Scientists are scrambling to save endangered Puerto Rican parrots, which have become even more threatened since Hurricane Maria. The catastrophic weather event ripped through the island’s tropical habitats, wiping out more than half of the wild parrots.
The outcome of Hurricane Maria has been traumatic for the parrot species. In the tropical forest of El Yunque, only 2 of 56 wild birds survived, while only 4 of 31 survived in a forest in the western town of Maricao. According to the researchers, an estimated 75 out of 134 survived in the Rio Abajo forest in the central mountains of Puerto Rico.
Gustavo Olivieri, the parrot recovery program coordinator for Puerto Rico’s Department of Natural Resources, explained that there is a lot of work to be done.
Next month, experts will unite to debate the best action plan. At the breeding centers in El Yunque and Rio Abajo forests, over 460 birds remain captive and none of them have been released since the hurricane.
Scientists are currently trying to determine the best way to prepare the parrots for release. There are very few birds in the wild, and the forests are not as able to sustain them as they once were.

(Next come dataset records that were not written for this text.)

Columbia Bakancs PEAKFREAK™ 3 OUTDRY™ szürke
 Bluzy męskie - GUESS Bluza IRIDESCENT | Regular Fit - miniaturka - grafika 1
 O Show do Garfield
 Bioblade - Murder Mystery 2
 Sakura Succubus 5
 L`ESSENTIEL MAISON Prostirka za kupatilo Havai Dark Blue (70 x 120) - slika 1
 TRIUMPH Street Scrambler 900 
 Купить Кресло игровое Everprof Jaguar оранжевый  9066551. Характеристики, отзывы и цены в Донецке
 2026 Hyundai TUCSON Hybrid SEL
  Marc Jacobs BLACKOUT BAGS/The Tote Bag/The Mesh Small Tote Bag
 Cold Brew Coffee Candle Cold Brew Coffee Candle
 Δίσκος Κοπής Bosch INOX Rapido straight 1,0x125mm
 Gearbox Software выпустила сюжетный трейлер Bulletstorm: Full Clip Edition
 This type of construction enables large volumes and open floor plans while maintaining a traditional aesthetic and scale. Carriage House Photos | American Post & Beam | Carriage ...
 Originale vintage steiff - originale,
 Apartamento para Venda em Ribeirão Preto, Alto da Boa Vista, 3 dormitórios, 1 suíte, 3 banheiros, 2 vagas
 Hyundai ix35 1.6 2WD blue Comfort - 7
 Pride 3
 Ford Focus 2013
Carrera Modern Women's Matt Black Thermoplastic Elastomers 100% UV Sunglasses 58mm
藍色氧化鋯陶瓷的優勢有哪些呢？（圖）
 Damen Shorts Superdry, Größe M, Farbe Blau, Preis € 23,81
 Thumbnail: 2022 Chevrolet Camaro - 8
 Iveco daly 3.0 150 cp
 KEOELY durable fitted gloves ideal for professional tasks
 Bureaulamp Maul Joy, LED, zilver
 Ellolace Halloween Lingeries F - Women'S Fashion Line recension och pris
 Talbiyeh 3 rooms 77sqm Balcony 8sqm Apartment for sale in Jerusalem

“Our priority now is not reproduction..It’s to start releasing them,” said study co-author Marisel Lopez, who oversees the parrot recovery program at El Yunque for the U.S. Fish and Wildlife Service.
Before this type of release, however, scientists must make sure that the forests can offer food and safe shelter. One major concern is that many of the large trees where parrots used to nest are completely wiped out.